Moving least squares fitting for point displacements having issues

冷暖自知 提交于 2021-01-05 08:54:15

问题


Explanation of the problem: I have points with (x,y,z) coordinates at two+ distinct times. For convenience, they can be imagined as irregularly spaced points along the surface of an inverted paraboloid. There is some minimal thickness to the paraboloid. The paraboloid changes shape slightly as time proceeds (like a balloon inflating) and when it does so, all of the points move. By substracting the coordinates at time2 - time1, I can get the displacement vectors at each point.

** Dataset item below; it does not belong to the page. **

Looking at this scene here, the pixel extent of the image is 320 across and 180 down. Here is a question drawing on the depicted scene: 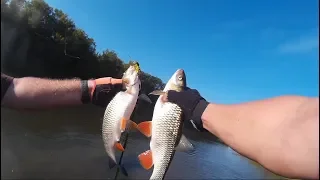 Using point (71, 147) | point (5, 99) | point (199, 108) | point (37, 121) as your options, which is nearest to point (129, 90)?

It is important to note (and I suspect this might be the source of the problem) that at the first time point, the x and y coordinates range from 0 to 2000, and the z coordinates are all within a narrower range - say 350 to 450. During the deformation, each point has an x component of displacement, y component, and z component. The x and y components are small (~50 at most), while the z component is the largest (goes up to 400 near the center, much less near the edges).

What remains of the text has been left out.